Il Ministero della Salute informa che nelle ultime ventiquattro ore i casi totali sono saliti di 1273 unità e portano il totale a 4.233.698. Da ieri 65 morti che fanno salire le vittime a 126.588 e 5024 guariti che raggiungono quota 3.918.657. Totale persone vaccinate: 13.028.350
I casi attualmente positivi scendono a 188.453, -3819 rispetto a ieri. I ricoverati sono 4910, -53 mentre in terapia intensiva 759 assistiti, -15 da ieri.
La situazione relativa ai contagi e ai decessi legati al Covid nel nostro Paese sembra migliorare di settimana in settimana. Tant’è che diverse sono le Regioni ormai in zona bianca e altre vi entreranno nelle prossime settimane. Ma non tutti tirano un sospiro di sollievo. C’è, anzi, chi prevede che il peggio debba ancora arrivare. Una delle voci sicuramente più prudente nel mondo della scienza è quella del professor Andrea Crisanti, microbiologo dell’Università di Padova. Ospite da Agorà su Rai 3, Crisanti ha spiegato: “La situazione a livello globale è sottovalutata. In particolare, è sottovalutato il fatto che gran parte del mondo non ha a disposizione i vaccini. Paesi come l’India sono incubatori di varianti e ne possono emergere alcune che possono sfuggire al vaccino.”
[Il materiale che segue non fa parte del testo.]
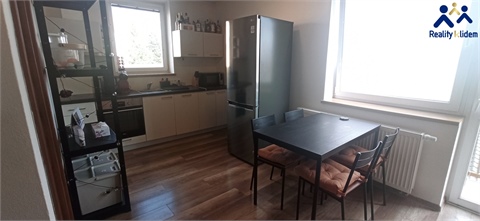 Pronájem bytu 2kk, 44 m² - 0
Per quanto – secondo l’esperto – i vaccini siano assolutamente sicuri ed efficaci, non si può certo negare che non proteggono al cento per cento dal rischio d’infettarsi o reinfettarsi con una delle varianti. Come non eliminano del tutto il rischio di contagiare altre persone. Il microbiologo ha puntualizzato infatti: “La prima dose induce un’importante protezione già dopo 15 giorni, ma questo non vale per tutte le varianti. Su quattro vaccini approvati in Italia 3 non sono efficaci contro alcune di esse”. Pertanto per lo scienziato padovano la possibilità di uscita dalla pandemia dipende da due fattori: la durata della protezione del vaccino e il problema delle varianti. E a titolo di esempio, Crisanti riporta la situazione Inglese. Pur essendo molto più avanti di noi con le vaccinazioni, il Regno Unito sta pagando lo scotto della variante Delta la quale ha una capacità di trasmissione molto più elevata e sta mettendo in crisi il programma di riaperture del Regno Unito poiché ogni settimana c’è un aumento dei casi del 40% . Infine, l’esperto, torna a ribattere sull’importanza del tracciamento per individuare, specialmente, gli asintomatici e ribadisce: “E’ il momento di aumentare i tamponi, non di diminuirli”. Il professore ha addirittura proposto di geolocalizzare i cittadini, come avevano fatto in Cina durante la fase 1 della pandemia.